Prompt: Exactly the lines from the one containing "Asisbiz IL2 5Z Fw 200 Desert Camo" to the final line below should be output, and no others.

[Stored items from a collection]
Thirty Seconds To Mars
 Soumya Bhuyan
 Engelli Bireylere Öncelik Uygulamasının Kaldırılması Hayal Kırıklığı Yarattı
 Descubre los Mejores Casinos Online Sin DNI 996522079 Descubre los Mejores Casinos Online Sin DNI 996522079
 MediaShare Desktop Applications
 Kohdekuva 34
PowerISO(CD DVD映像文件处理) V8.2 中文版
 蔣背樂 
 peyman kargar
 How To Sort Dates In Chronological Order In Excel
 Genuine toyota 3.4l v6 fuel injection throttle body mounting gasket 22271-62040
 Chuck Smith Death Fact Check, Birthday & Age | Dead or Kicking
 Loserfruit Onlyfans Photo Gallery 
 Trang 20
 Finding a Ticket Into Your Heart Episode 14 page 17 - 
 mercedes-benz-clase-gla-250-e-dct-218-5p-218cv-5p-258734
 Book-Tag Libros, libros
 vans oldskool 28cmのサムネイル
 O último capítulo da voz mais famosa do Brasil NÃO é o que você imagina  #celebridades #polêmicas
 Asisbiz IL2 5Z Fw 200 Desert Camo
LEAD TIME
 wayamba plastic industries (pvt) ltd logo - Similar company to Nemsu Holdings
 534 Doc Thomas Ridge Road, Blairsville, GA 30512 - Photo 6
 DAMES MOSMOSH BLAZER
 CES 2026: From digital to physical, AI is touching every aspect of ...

Your response:
 Asisbiz IL2 5Z Fw 200 Desert Camo
LEAD TIME
 wayamba plastic industries (pvt) ltd logo - Similar company to Nemsu Holdings
 534 Doc Thomas Ridge Road, Blairsville, GA 30512 - Photo 6
 DAMES MOSMOSH BLAZER
 CES 2026: From digital to physical, AI is touching every aspect of ...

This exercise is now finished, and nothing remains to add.